Late last week, the U.S. Occupational Safety and Health Administration (OSHA) released its updated regulatory agenda, which includes a number of rulemakings slated to be proposed or finalized in the coming months. This Spring 2019 agenda highlights OSHA's priorities for regulatory action in the near future.
Below lists five notable upcoming rulemakings included on the regulatory agenda:
1. Silica Standard for Construction: OSHA stated its intention to publish a Request for Information (RFI) by May 2019 soliciting comment on potential updates to Table 1 of the Silica Standard for the Construction Industry. Construction industry employers who comply with the engineering controls, work practices, and respiratory protection specified for the task in Table 1 are not required to perform exposure assessments or comply with the permissible exposure limit in the silica standard. OSHA is interested in gathering information from stakeholders on the effectiveness of control measures, tasks and tools that are not currently listed in Table 1 and will evaluate information to determine if revisions to Table 1 are appropriate.

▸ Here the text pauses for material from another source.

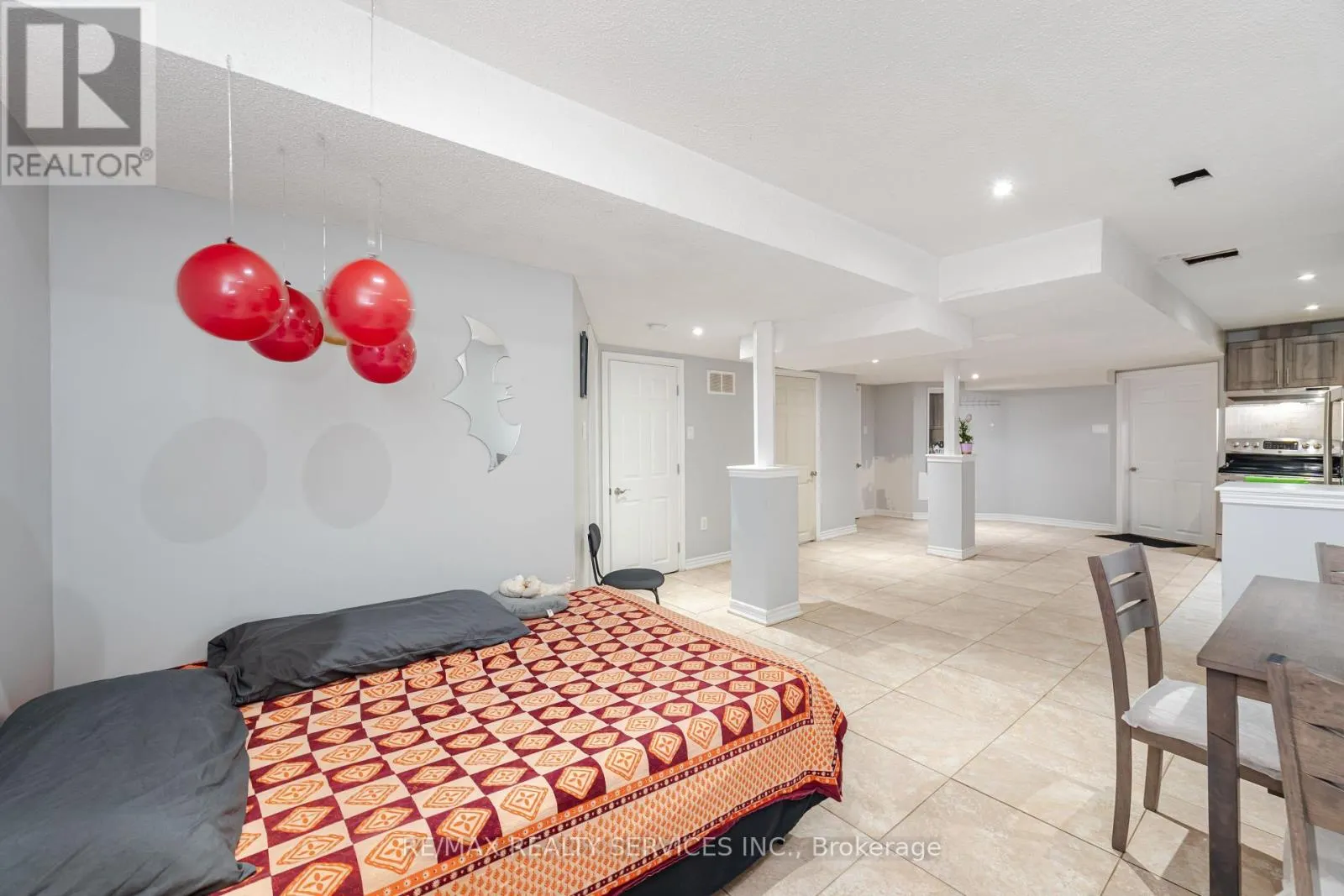 27 HARDGATE CRESCENT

2. Lock-Out/Tag-Out: On May 20, 2019, OSHA published in the Federal Register an RFI to solicit input on two areas where "modernizing" the Lock-Out/Tag-Out (LOTO) standard "might better promote worker safety without additional burdens to employers." First, OSHA seeks information about the safe use of control circuit type devices, which are currently excluded from OSHA's definition of energy-isolating device, to control of hazardous energy. OSHA also solicits information about controlling hazardous energy from the use of robotics technology in the workplace. Comments are due in response to the RFI by August 19, 2019.
3. Hazard Communication: OSHA stated its intention to publish its much-anticipated proposed rule to harmonize the Hazard Communication Standard (HCS) with the "latest edition" of the Globally Harmonized System of Classification and Labeling of Chemicals (GHS). OSHA intends to publish the proposed rule by December 2019. OSHA acknowledges that the GHS is a "living document and has been updated several times since OSHA's [March 2012] rulemaking." OSHA notes in the agenda that the HCS is currently based on Revision 3 of the GHS, while the United Nations has completed Revision 7. Revision 8 is due to be released this summer.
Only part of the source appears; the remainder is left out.